The first line of the data below and every line after it, through the one with "裤 高级感垂感阔腿裤 女春夏季 通勤西裤 九分宽松休闲 新款 灰色西装", must be transcribed without change.

[Short descriptive text snippets]

::::::::

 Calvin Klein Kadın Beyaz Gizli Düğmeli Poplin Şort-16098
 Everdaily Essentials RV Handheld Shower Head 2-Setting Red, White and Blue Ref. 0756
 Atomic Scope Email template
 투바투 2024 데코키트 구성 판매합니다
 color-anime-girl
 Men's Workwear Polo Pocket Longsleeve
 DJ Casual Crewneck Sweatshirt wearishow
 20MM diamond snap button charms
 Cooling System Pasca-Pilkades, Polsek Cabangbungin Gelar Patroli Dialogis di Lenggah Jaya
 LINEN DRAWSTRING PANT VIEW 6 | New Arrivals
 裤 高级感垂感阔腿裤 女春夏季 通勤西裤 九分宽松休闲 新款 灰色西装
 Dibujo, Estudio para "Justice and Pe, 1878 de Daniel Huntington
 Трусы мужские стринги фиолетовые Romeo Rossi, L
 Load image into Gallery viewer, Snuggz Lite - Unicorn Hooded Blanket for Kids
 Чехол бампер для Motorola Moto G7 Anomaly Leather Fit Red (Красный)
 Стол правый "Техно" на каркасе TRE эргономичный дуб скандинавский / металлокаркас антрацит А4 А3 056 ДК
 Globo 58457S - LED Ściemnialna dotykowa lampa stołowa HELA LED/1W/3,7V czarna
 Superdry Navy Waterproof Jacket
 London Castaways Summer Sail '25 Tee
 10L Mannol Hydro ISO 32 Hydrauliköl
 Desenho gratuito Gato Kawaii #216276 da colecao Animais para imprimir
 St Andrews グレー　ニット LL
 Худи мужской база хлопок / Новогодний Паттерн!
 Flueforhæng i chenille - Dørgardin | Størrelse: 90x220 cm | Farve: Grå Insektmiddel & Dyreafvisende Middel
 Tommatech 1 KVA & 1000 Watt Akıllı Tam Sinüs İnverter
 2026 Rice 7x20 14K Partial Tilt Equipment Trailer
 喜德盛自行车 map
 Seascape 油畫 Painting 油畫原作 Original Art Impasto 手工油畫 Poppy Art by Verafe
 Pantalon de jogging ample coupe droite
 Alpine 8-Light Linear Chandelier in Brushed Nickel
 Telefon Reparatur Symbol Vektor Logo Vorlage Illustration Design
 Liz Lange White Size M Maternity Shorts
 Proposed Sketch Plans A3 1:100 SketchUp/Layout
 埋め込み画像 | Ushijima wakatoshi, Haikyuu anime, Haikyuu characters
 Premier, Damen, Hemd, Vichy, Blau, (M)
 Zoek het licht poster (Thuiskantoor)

::::::::

ANSWER TO THIS EXERCISE:
 Calvin Klein Kadın Beyaz Gizli Düğmeli Poplin Şort-16098
 Everdaily Essentials RV Handheld Shower Head 2-Setting Red, White and Blue Ref. 0756
 Atomic Scope Email template
 투바투 2024 데코키트 구성 판매합니다
 color-anime-girl
 Men's Workwear Polo Pocket Longsleeve
 DJ Casual Crewneck Sweatshirt wearishow
 20MM diamond snap button charms
 Cooling System Pasca-Pilkades, Polsek Cabangbungin Gelar Patroli Dialogis di Lenggah Jaya
 LINEN DRAWSTRING PANT VIEW 6 | New Arrivals
 裤 高级感垂感阔腿裤 女春夏季 通勤西裤 九分宽松休闲 新款 灰色西装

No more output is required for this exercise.